● SUPPLIED MATERIAL
::::

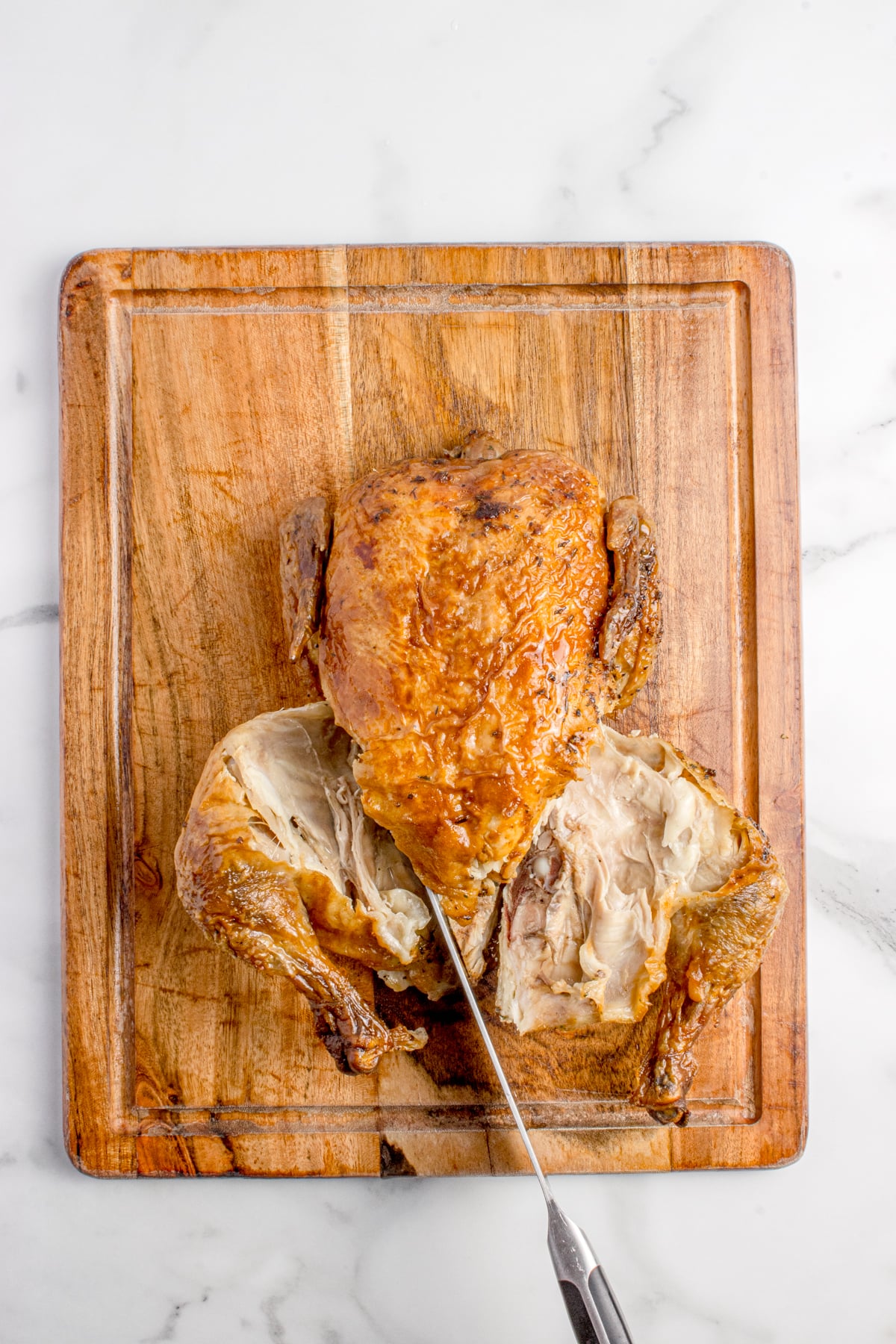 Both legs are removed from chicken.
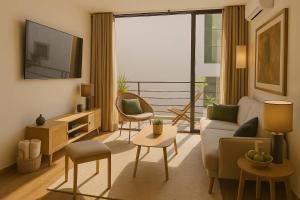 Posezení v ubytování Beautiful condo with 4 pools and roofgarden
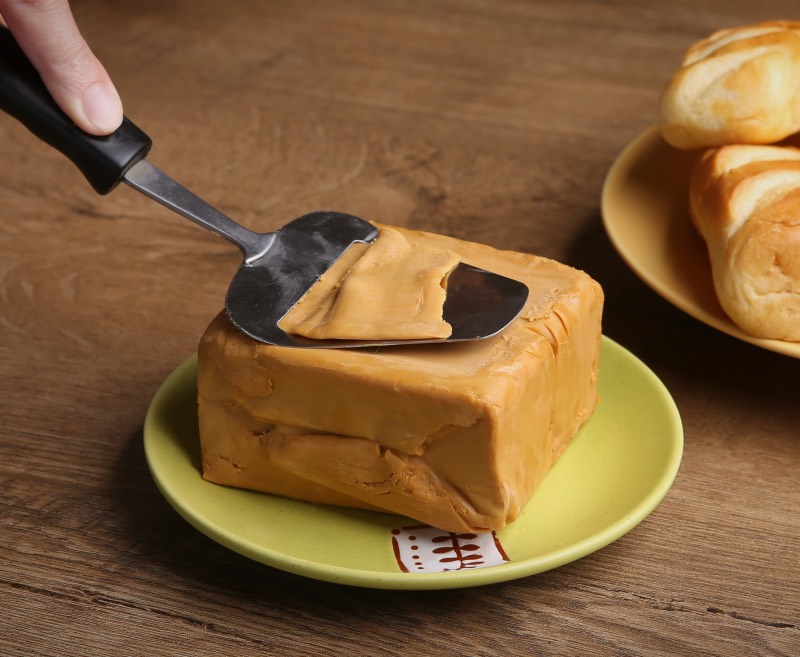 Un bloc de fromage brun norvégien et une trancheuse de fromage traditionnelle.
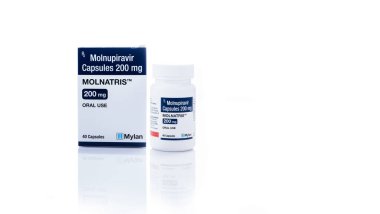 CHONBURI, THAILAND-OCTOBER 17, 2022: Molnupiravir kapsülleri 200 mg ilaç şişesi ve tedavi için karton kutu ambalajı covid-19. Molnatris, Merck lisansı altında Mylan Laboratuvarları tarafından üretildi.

::::

● TASK OBJECTIVE
Give the material again exactly as it is, but keep the pictures out.

● REPLY
 Both legs are removed from chicken.
 Posezení v ubytování Beautiful condo with 4 pools and roofgarden
 Un bloc de fromage brun norvégien et une trancheuse de fromage traditionnelle.
 CHONBURI, THAILAND-OCTOBER 17, 2022: Molnupiravir kapsülleri 200 mg ilaç şişesi ve tedavi için karton kutu ambalajı covid-19. Molnatris, Merck lisansı altında Mylan Laboratuvarları tarafından üretildi.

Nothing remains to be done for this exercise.